= Technological rationality =

Philosophical idea

Technological rationality or technical rationality posits that rational decisions to incorporate technological advances into society can, once the technology is ubiquitous, change what is considered rational within that society.

The philosophical idea was first postulated by the Frankfurt School philosopher Herbert Marcuse in his 1941 article "Some Social Implications of Modern Technology," published first in the journal Studies in Philosophy and Social Sciences, Vol. IX. It gained mainstream repute and a more holistic treatment in his 1964 book One-Dimensional Man.

== Overview ==
Marcuse writes that technological progress has the potential to free humanity from its requirement to labor for survival. Freedom from labor is true freedom for humanity, and this freedom from labor can be achieved from technological rationality. But instead of embracing this freedom, humanity has been subsumed by a new system of reason rooted in technological innovation. This new rationality, technological rationality, encompasses all elements of life and replaces political rationality.

Under this new system, technology and industry control the structure of the economy, intellectual pursuits, and leisure activities. False needs, which are defined by Marcuse as needs created by technological rationality, become inseparable from true needs, which are needs that are life sustaining. Reason in its pre-technological form collapses as opposition to the norms of technological society is denied under the new system of rationality. Complacency within the status quo replaces reason as people grow content with the better life offered by technology. This contentment and the subsequent loss of opposition makes humanity one-dimensional, which in turn makes humanity less free than before the onset of technological rationality. In this way technological rationality becomes totalitarian.

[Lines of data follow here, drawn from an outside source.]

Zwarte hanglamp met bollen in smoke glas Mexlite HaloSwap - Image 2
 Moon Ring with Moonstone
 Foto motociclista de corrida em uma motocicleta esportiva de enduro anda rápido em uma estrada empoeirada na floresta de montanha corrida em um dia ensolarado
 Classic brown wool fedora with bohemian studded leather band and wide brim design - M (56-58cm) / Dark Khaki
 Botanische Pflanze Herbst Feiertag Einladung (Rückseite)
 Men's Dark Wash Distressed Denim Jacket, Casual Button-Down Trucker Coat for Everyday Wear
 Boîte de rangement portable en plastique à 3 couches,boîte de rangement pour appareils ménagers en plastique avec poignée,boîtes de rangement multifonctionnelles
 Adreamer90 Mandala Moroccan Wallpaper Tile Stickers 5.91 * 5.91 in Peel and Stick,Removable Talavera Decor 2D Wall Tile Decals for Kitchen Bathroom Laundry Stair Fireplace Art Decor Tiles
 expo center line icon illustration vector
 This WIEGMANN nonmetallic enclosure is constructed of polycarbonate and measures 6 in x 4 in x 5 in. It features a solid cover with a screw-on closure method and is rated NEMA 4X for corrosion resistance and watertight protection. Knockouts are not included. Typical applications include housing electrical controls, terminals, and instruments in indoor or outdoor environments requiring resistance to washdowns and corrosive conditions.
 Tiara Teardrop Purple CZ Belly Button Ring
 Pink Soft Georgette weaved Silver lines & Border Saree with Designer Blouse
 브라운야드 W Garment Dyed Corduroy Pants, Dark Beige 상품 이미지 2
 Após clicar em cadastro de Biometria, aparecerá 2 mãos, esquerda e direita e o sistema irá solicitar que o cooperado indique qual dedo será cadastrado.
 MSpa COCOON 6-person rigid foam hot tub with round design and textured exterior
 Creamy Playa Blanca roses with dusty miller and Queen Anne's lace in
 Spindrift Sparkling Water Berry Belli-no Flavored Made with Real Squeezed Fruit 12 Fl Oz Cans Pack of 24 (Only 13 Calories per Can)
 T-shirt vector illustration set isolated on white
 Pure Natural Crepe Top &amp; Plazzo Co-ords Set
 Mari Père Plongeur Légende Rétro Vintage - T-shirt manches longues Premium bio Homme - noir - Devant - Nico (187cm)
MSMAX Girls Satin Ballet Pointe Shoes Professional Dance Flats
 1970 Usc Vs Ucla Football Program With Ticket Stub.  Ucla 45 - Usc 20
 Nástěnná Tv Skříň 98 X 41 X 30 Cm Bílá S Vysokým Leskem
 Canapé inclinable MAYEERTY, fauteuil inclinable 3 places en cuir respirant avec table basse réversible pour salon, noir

== Effects of technological rationality ==
Because of the totalitarian nature of technological rationality, Marcuse demonstrates in One-Dimensional Man the various ways that technological rationality has changed various facets of life.

=== Labor ===
Technology, rather than freeing the proletariat class, has instead entrenched their enslavement to the classist system. The worker no longer has to labor with the same intensity due to mechanization, and this decreases the laborers feelings of enslavement. The ratio of white collar to blue collar workers increases as fewer workers are needed to produce goods. Progress has created a "technological veil" between the worker and his or her work, and the distinction between blue collar and white collar workers breaks down as technology reduces the labor gap between the blue collar and white collar worker. The worker associates himself or herself more strongly with the factory rather than his or her class, and the factory owners become "bureaucrats in a corporate machine." The Master-Slave relationship between worker and factory owner no longer exists, and the factory owner loses his or her power. Under technological rationality, the technicians and scientists become the new authority.

=== Government ===
Under technological rationality, the Welfare State rises in both need and prominence. Increased productivity, the rational goal under technological rationality, requires planning on the scale that only the Welfare State can provide. This new Welfare State is less free. It requires the restriction of leisure time, the availability of goods and services, and the cognitive ability to understand and desire self-realization. Yet as long as one's quality of life is improved under the new state as compared to the previous one, the people will not revolt.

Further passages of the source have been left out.